* **WORK INSTRUCTIONS**
Your task is to reproduce exactly the lines from the one containing "Gas Spring, boot/cargo area" through the last line below, both ends included, and nothing else, with no pictures.
*** INPUT DATA ***
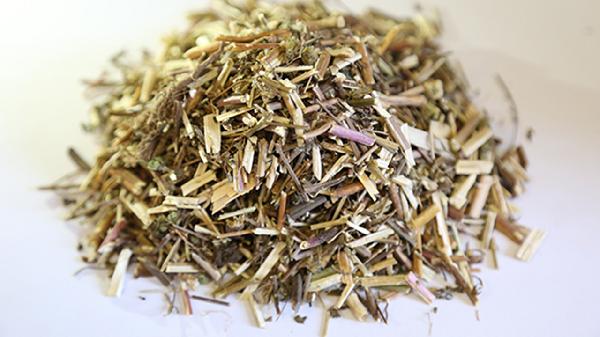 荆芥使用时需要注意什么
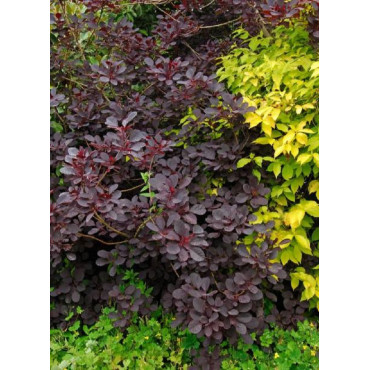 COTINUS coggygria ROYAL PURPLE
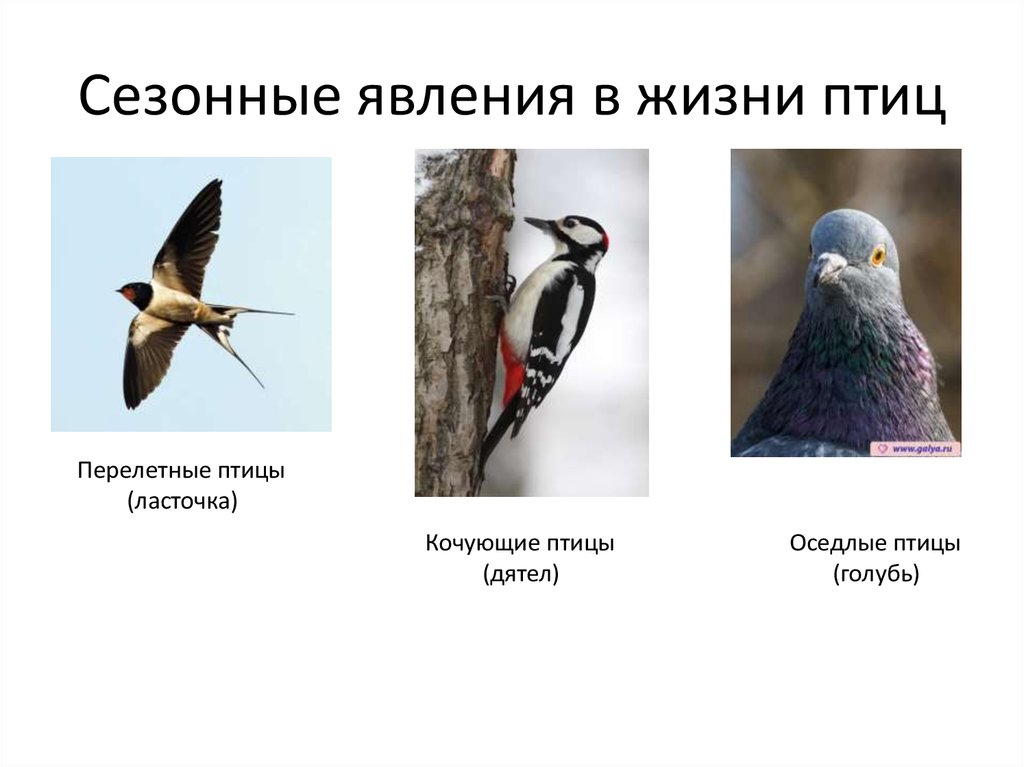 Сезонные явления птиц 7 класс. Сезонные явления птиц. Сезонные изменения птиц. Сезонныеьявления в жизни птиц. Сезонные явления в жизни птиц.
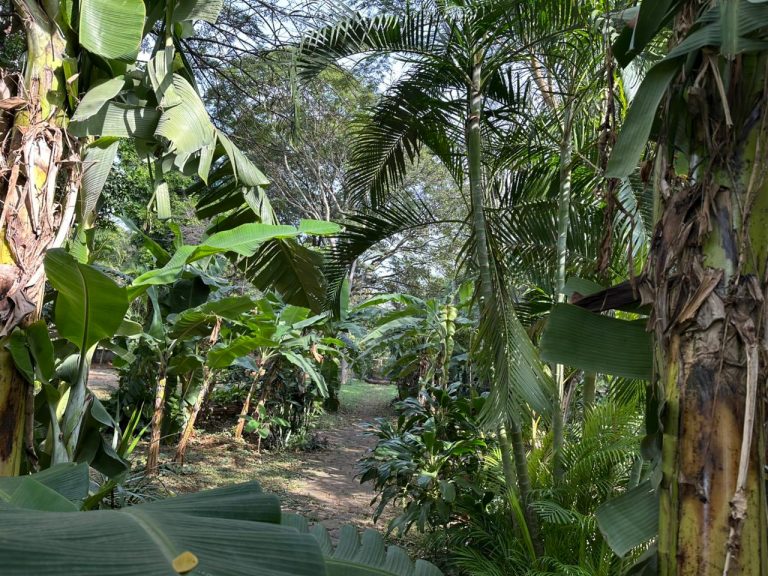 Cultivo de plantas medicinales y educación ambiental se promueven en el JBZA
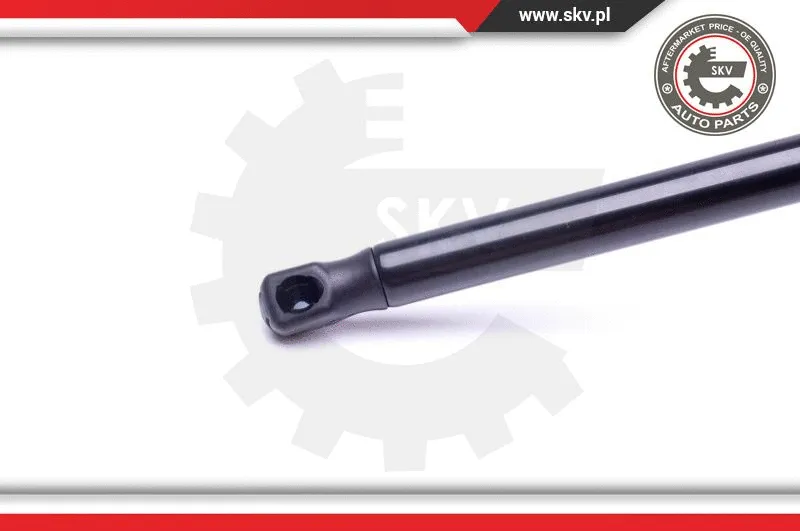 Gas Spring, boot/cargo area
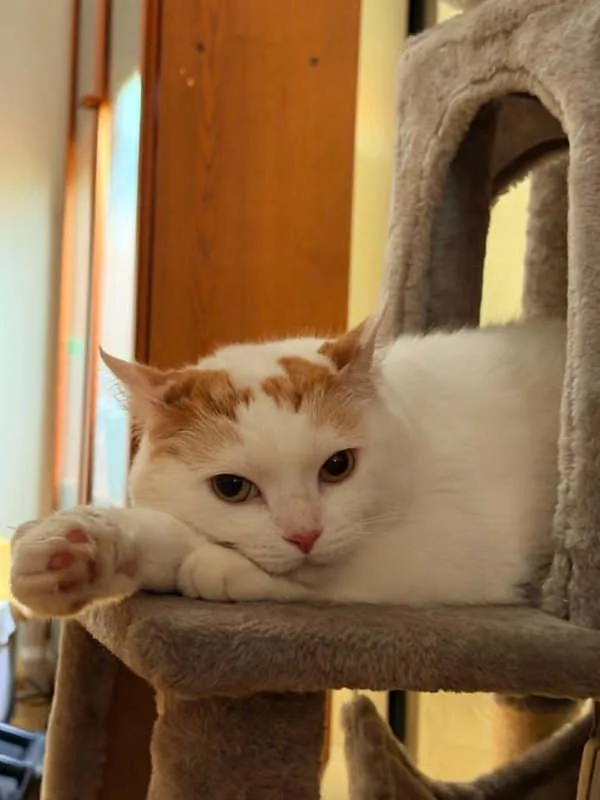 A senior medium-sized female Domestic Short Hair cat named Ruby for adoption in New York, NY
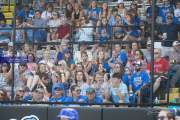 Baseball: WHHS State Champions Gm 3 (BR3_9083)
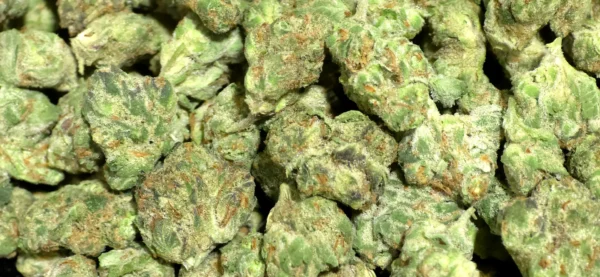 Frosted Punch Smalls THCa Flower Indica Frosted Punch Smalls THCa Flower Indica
*** End of INPUT DATA ***
* **TASK ANSWER**
 Gas Spring, boot/cargo area
 A senior medium-sized female Domestic Short Hair cat named Ruby for adoption in New York, NY
 Baseball: WHHS State Champions Gm 3 (BR3_9083)
 Frosted Punch Smalls THCa Flower Indica Frosted Punch Smalls THCa Flower Indica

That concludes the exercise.